This article originally appeared on watchdog.org.
EDINA, Minn.— As a law officer, former Todd County Deputy Sheriff Mark Grinstead didn’t miss much.
After all, why try to avoid something when it’s a lot easier to just hit it?
Grinstead, it must be said, hit many things — deer, cows, trees, buildings and snow banks, for example. In 17 years, he had 33 wrecks.
Grinstead racked up about $100,000 in losses while patrolling the rural county roads.
A certified emergency vehicle instructor, Grinstead served as a Todd County field training officer, “working with less experienced Deputies familiarizing them with such duties as operation of squad cars under different conditions,” according to state arbitration records.
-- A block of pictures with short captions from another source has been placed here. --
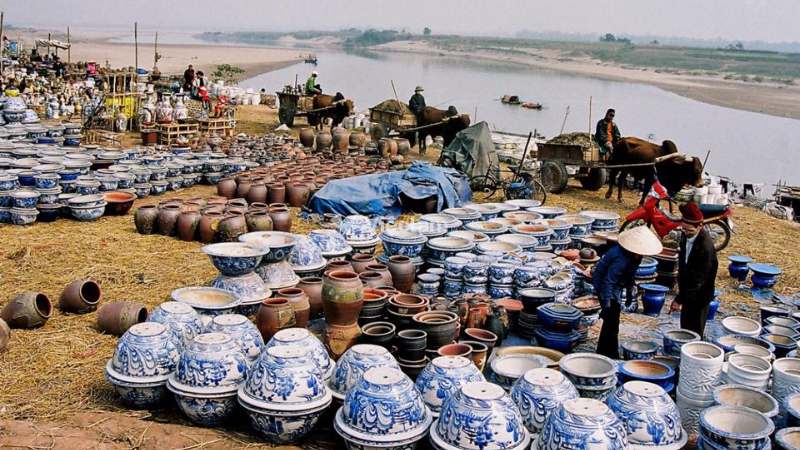Cảm nhận linh hồn đất nung tại Bát Tràng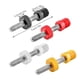 thumbnail image 4 of Soidarity Soporte inferior para ciclismo, varilla auxiliar moleteada de acero inoxidable, herramienta de reparación de orificios cuadrados, extractor de Bicicletas eléctricas Oro Soidarity OD028144-04, 4 of 6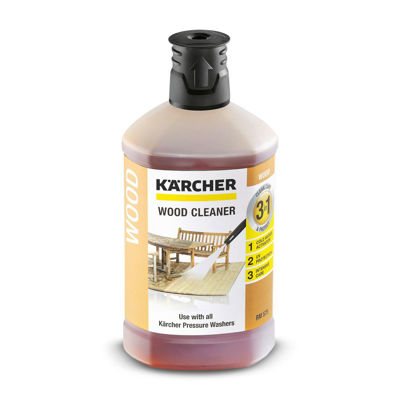 KÄRCHER Trärengöring, 3-i-1 Formula, 1L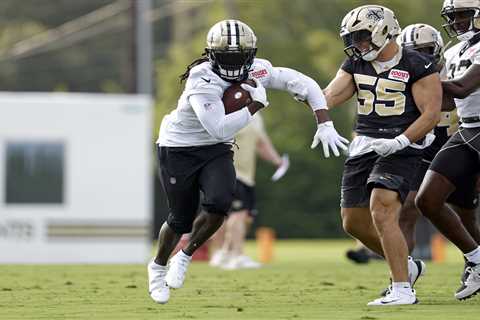 Fantasy football sleepers and busts the new DVQ model loves — and hates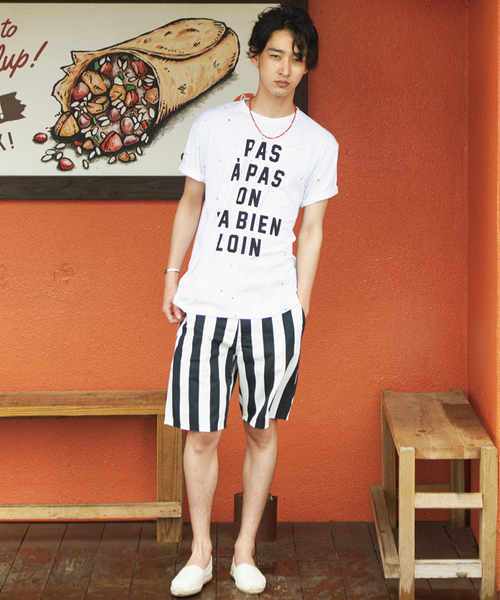 WEGO（ウィゴー）の「WEGO/パターンプリントショーツ（その他パンツ・メンズ・その他4/その他2/その他1/その他3/その他5・LARGE/SMALL/MEDIUM）」の20枚目の写真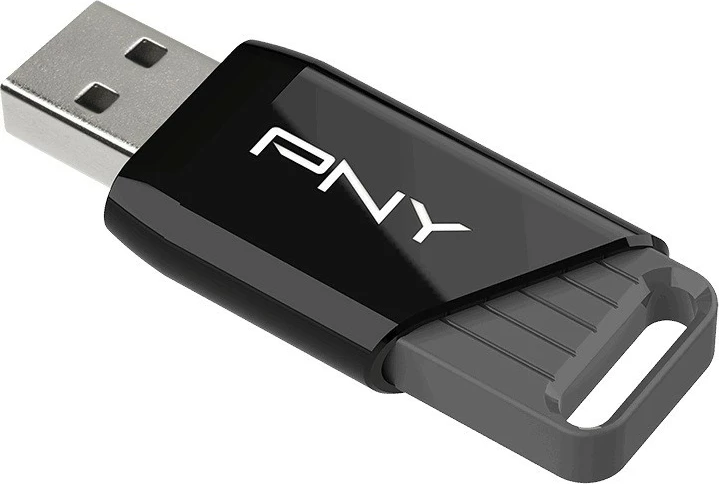 USB ključek PNY Attache X 256 GB, USB 3.2, črn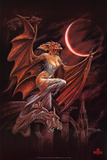 Alchemy Cusp of Bathory Art Print Poster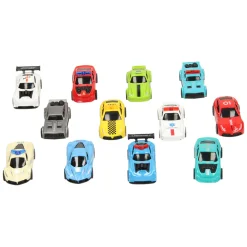 Die-cast Auto's Speelset, 12dlg.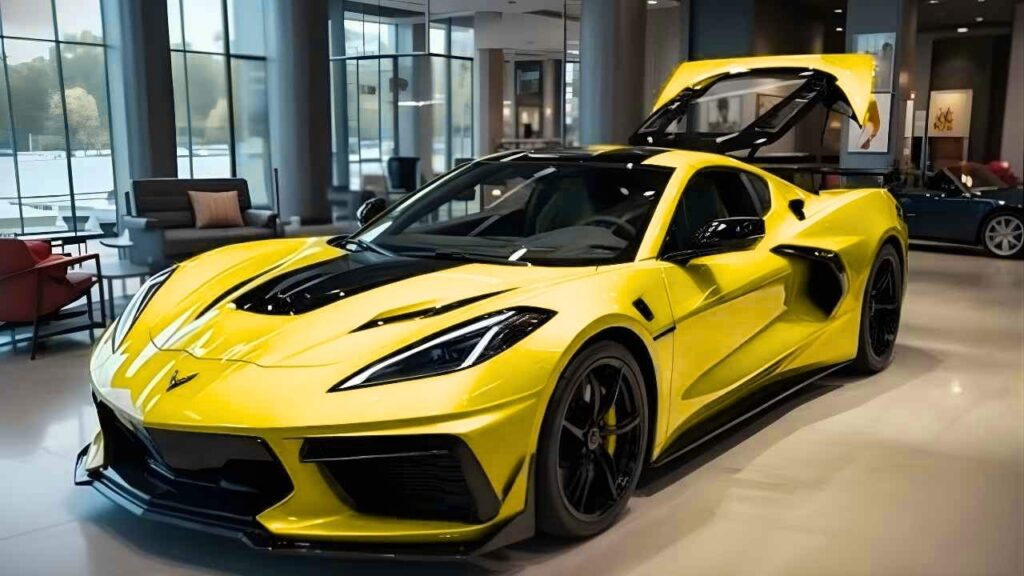 2026 Corvette Stingray Redesign: Supercar Style Meets Everyday Affordability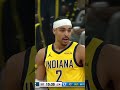 Ball movement ➡️ Andrew Nembhard for the Deep Triple Early in Q1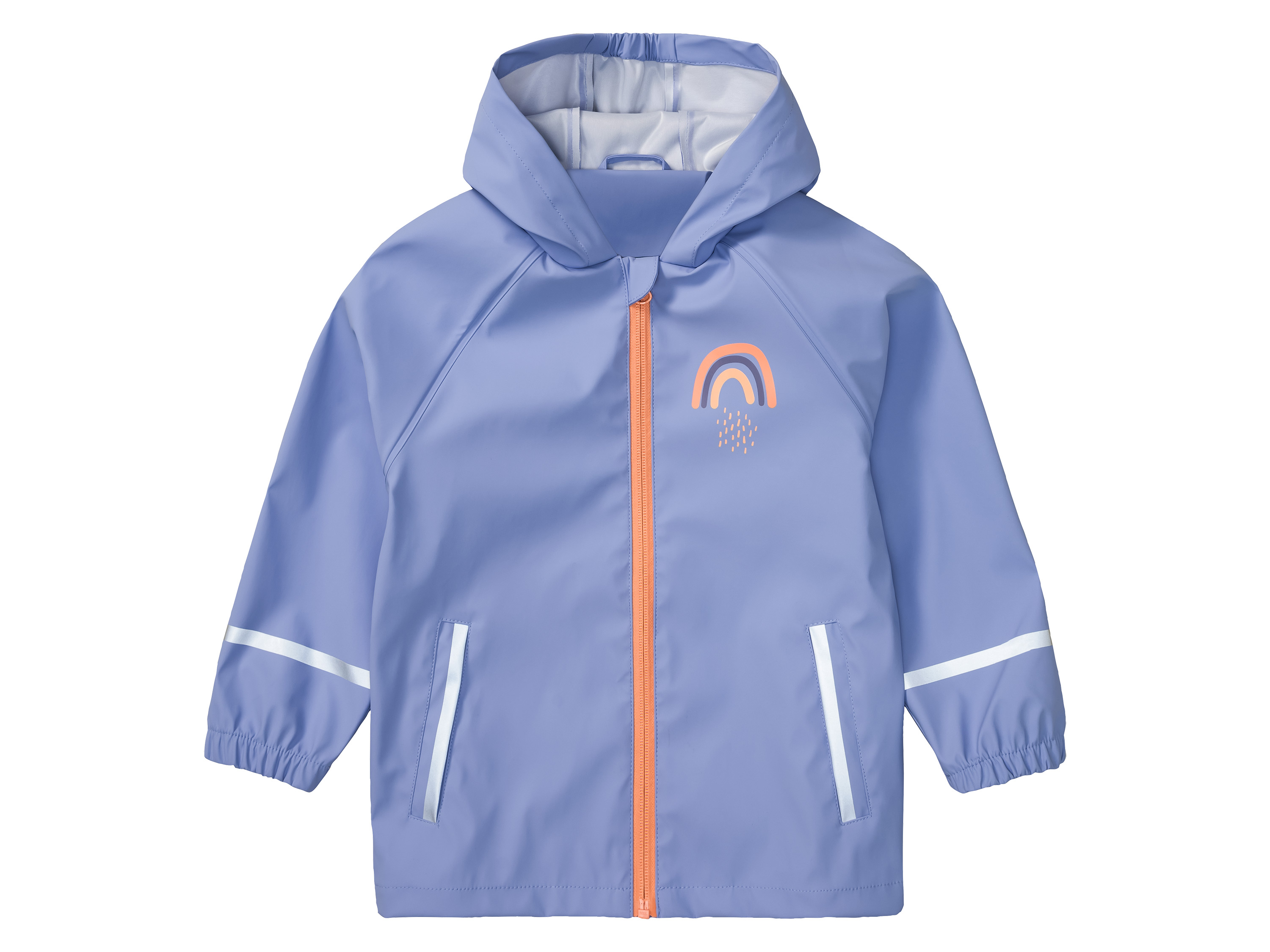 lupilu® Veste imperméable petite fille (bleu, 4-6 ans)
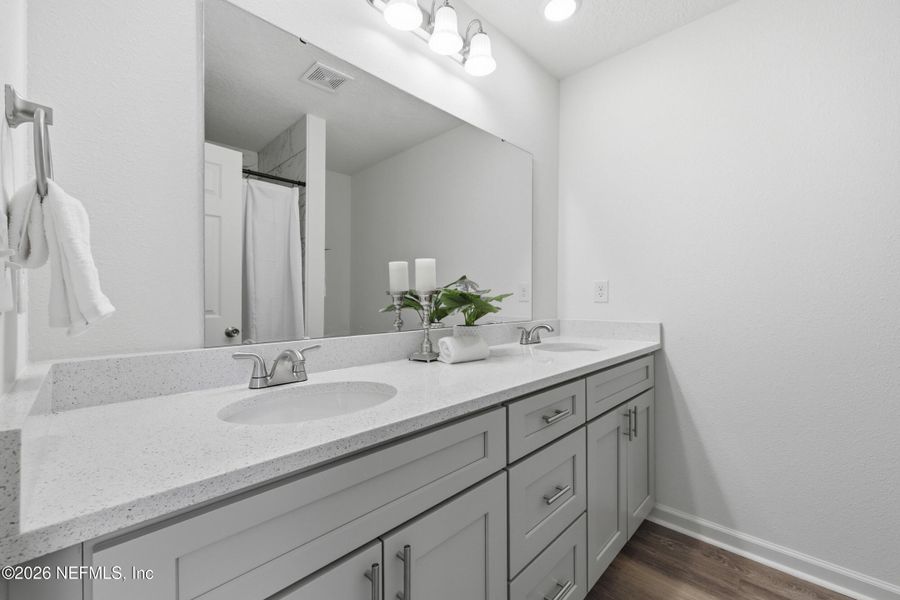 Furnished interior view inside a new home in , Hastings (Image 13).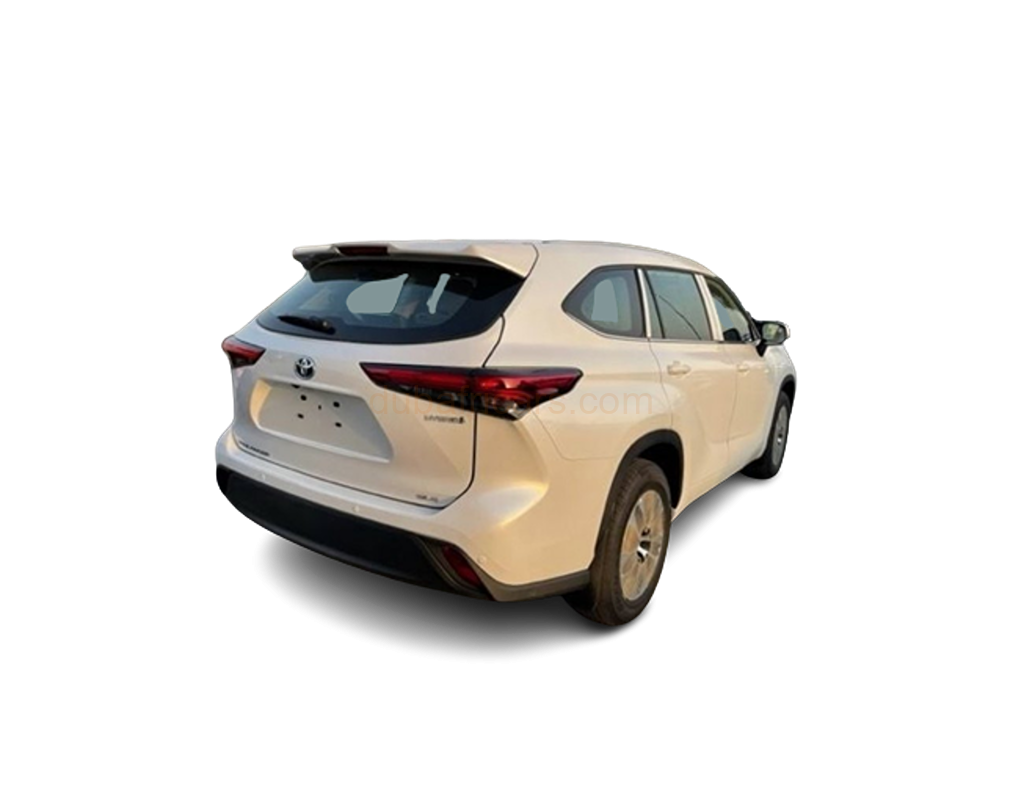 2023 Brand NEw LHD Toyota Highlander GLE 2.5L Hybrid Automatic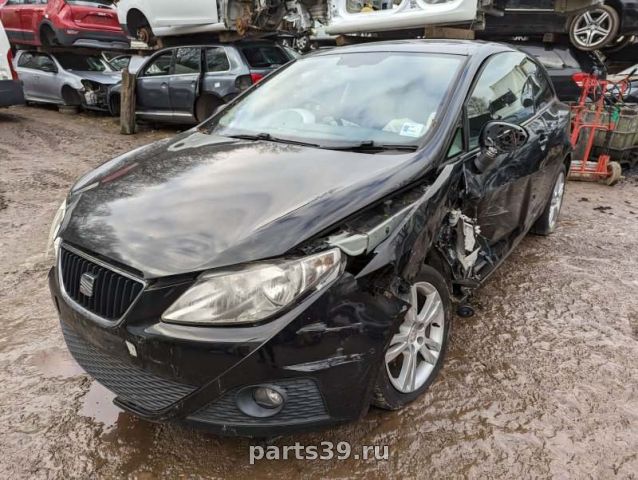 Двигатель с навесным 1.4CGG на SEAT Ibiza 4 поколение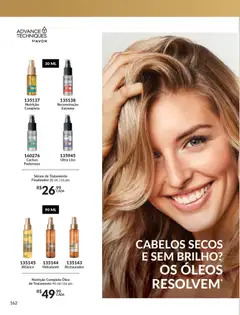 Avon - Campanha 19 - Pré-Visualização do folheto da loja Avon, válido de 21.11.2025 | Página: 162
His record in the line of duty, while driving a patrol car, includes run-ins with 19 deer, a dog, pheasants, cows, a garage, a fence post, and a raccoon.
After hitting a ditch and several trees in pursuit of a speeder in 2005, Grinstead wrote the sheriff: “I have to slow down,” Grinstead was quoted in an arbitrator’s account. “Being a pursuit-driving instructor, I have to set the example, not be the example … I have learned that my crashes put a burden on the Todd County Sheriff’s Office, are bad publicity and I should not need to swap squad cars with other Deputies.”
As “squad car crashes increased notably” — four crashes in two months and three vehicles in the repair shop — Todd County officials fired Grinstead in May 2013.
Case closed? Not by a long shot.
Minnesota’s biggest law enforcement labor union promptly filed a grievance with a state arbitrator. Law Enforcement Services claimed the deputy was not “provided proper notice of the supposed reasons for his termination or the policies that he is alleged to have violated,” and that Grinstead’s “work record does not provide a sufficient basis for termination,” the Minnesota Bureau of Mediation Servicesdecision shows.
“Officer Grinstead chose to exercise rights that he has under his collective bargaining agreement and it’s our role to zealously represent our members through these processes,” said Isaac Kaufman, general counsel for the union, Law Enforcement Labor Services Inc.
Watchdog Minnesota Bureau’s attempts to reach Grinstead for comment through his attorney were unsuccessful.
The Freedom Foundation of Minnesota highlighted the Todd County arbitration case as an example of excessive influence by public employee unions. The grievance played out over six months before the Minnesota Bureau of Mediation Services, generating 86 exhibits in evidence and 740 total pages of testimony and transcripts. The paper trail led FFM to suggest the county add a “33 strikes and you’re out” provision to its contract with deputies.
“This shows the absurd extent to which government employee unions exert control over personnel matters in government,” said Jonathan Blake, vice president of the Freedom Foundation of Minnesota. “It costs taxpayers in terms of dollars and in potential harm to public safety.”
Arbitrator Rolland Toenges’ 25-page decision upholding Grinstead’s termination serves as a template for the process, which local governments must follow in disputes with public union employees.
The case files show the risk of running into wildlife goes with the job. They show an average of five crashes per year among 12 other Todd County deputies, including another officer who averaged almost two wrecks a year.
Yet county representatives terminated Grinstead “based on his longstanding history of vehicle accidents, mostly due to excessive speed, driving unreasonably in light of conditions, and distracted driving.”
On one shift in 2011, Grinstead had two wrecks involving deer. In February 2013, he hit a deer that caused significant damage to his car. Days later in a loaner car, Grinstead struck another deer. Then, in April of that year, he was driving 99 mph on his way to a domestic call when — you guessed it — he took out another deer.
The, uh, tipping point came April 30, 2013, when he struck a 500-pound cow going about 55 mph. He was on cruise control. Until he hit the cow, of course.
An accident reconstruction expert with the Minnesota State Patrol concluded Grinstead “should have been able to take some action prior to hitting the cow.”
Three colleagues testified they “do not consider him a reckless or careless driver,” including a fellow deputy since promoted to interim Todd County sheriff. Grinstead’s lawyer made the case that “the evidence does not support the conclusion that the Grievant was at fault in any of the crashes that took place in March and April of 2013, due to inattentive or reckless driving,” according to the arbitrator’s record.
“We respect the decision, but certainly we believed that Mark Grinstead, taking everything into consideration, was a very good officer and that in light of his lengthy service to the county and all the other evidence in the record that there wasn’t just cause to terminate him,” said Kaufman, general counsel for the union.
On Jan. 9, arbitrator Toenges upheld Todd County’s decision to fire Mark Grinstead. The former deputy appears to have driven just a few miles down the road to Osakis, where the city website lists Grinstead as a part-time police officer.